Makepeace Hatefield est le shérif et le dernier habitant de sa ville, une ancienne colonie de peuplement sibérienne que les autorités russes avaient laissée à des migrants américains religieux et pacifiste qui avaient fui leur patrie. Mais depuis, un cataclysme ou une guerre est passé sur le monde, provoquant une chute brutale des températures, le déclin et la disparition massive de la population. Alors que Makepeace tente de se suicider en se jetant dans un lac glacé, un avion s’écrase sur la berge, lui redonnant espoir dans l’existence d’autres humains, voire d’une ville. Makepeace quitte alors son village désertique à la recherche de la civilisation.

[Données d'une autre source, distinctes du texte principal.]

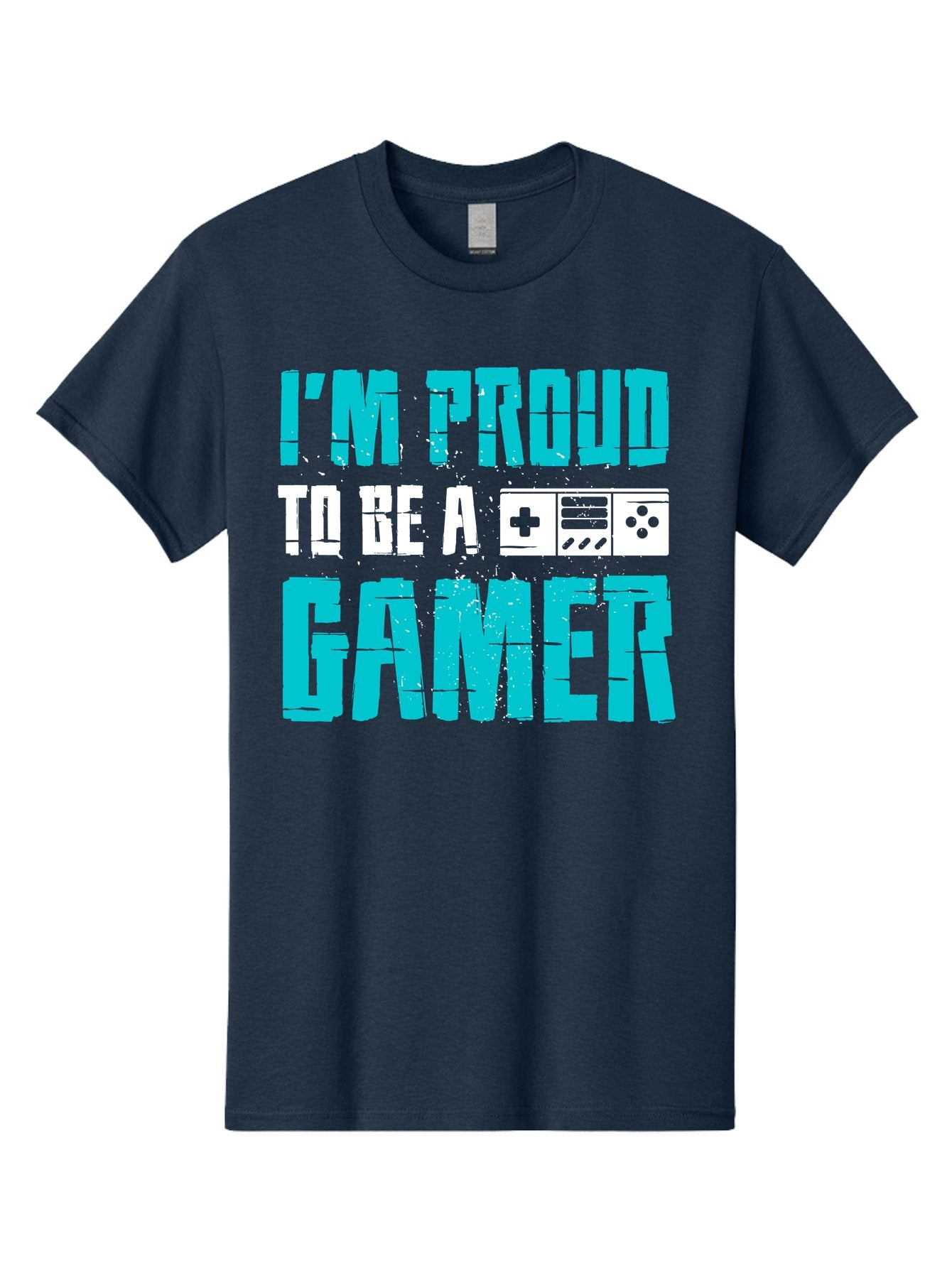 I-M-Proud-To-Be-A-Gamer Men'S Graphic Tee, 100% Cotton, Comfortable Casual Summer Wear, Machine Washable, Gaming Culture, Gamer Pride, Video Games, Gaming Community, Gamer Identity, Positive Affirmation, Game On -  Aaa647 3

Des colons américains en territoire russe, un monde postapocalyptique, une Zone radioactive dans laquelle des prisonniers vont récupérer des objets mystérieux : pas de doute, Au nord du monde est un pur roman de science-fiction. Paru en grand format dans la collection feux croisés de Plon puis en 10/18, il est passé malheureusement inaperçu du milieu SF. Croisant la Route de McCarthy et Stalker des frères Strougatski (la référence est explicite), Marcel Théroux laisse de coté le spectaculaire (on n’apprendra à peu près rien de ce cataclysme qui a fait basculer le monde dans le chaos) pour s’attacher intimement à Makepeace, ce narrateur défiguré dans sa jeunesse et rempli de secrets. Entrecoupé de flashbacks, peuplé de personnages complexes (aucun, même l’ennemi d’enfance de Makepeace, ne semble tout blanc ou tout noir), le récit est parsemé de faux-semblants remettant en cause les choix des différents protagonistes, brouillant les frontières entre le bien et le mal.
Evitant le désespoir total de *La Route*, Au nord du monde est un récit intimiste et ambigu qui accroche le lecteur d’un bout à l’autre grace à la richesse de son personnage principal. Une réussite mineure.